Now, the tradeoff there is that adding those adds a lot of complexity both to the compiler and to the libraries people are apt to write; there’s a reason Elm has totally eschewed that kind of type machinery to date. But Elm has also refused to just add syntax around ideas like this the way F♯ has here, and it makes for a much cleaner and frankly nicer language.

And that brings me to my third and final point: I’m really glad F♯ exists, and that it’s providing a pretty good experience of functional programming on the CLR. But—and I fully grant that a fair bit of this kind of thing is almost entirely subjective—it doesn’t feel good in the same way that Elm or Rust do. There is something very difficult to nail down here, but I get a vsiceral experience of joy when writing some languages and not others. Again: that will vary person to person, but I think there are things that make it more or less likely. Things that make it more likely, at least for me, include everything from self-consistency and predictability at the semantic level to the way the code lays out and flows at the visual/syntactical level.4 Sadly, F♯ just doesn’t hit the right notes5 for me. I’ll be much, much happier to write it than C♯ at work… but I really just want Elm and Rust and Idris to come save the day.


  1. I am of course writing a lot of functional code in our JavaScript; JavaScript is a surprisingly good language for it.
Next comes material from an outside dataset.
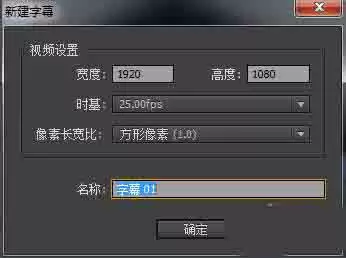 Premiere��ô�½���̬��Ļ��̬��Ļ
  2. It’s not that OOP is bad, exactly; it’s just that what passes for OOP in languages like C♯, Java, and yes, F♯, is relatively low utility to me—and I think OOP ideas are much more interesting and useful when applied at a systems level, e.g. in an Actor system, than at the level of individual “actors” within the system. Compare Erlang/Elixir: functional components, organized in what is arguably an incredibly object-oriented way.

  3. The temptation extends beyond this book; O’Reilly’s Programming Rust (Jim Blandy and Jason Orendorff) reads as the same kind of defensive introduction to Rust for C++ developers.

  4. And yes, nerds, syntax does matter. Try reading this sentence, nicely punctuated, and with spaces and capitalization. Now: tryreadingthissentencewithoutpunctuationorspacesorcapitalization. There may be a point after which it becomes less important, and a range of things which are equally good in an absolute sense, but it matters.

  5. Pun not intended, but inevitable given the language names here.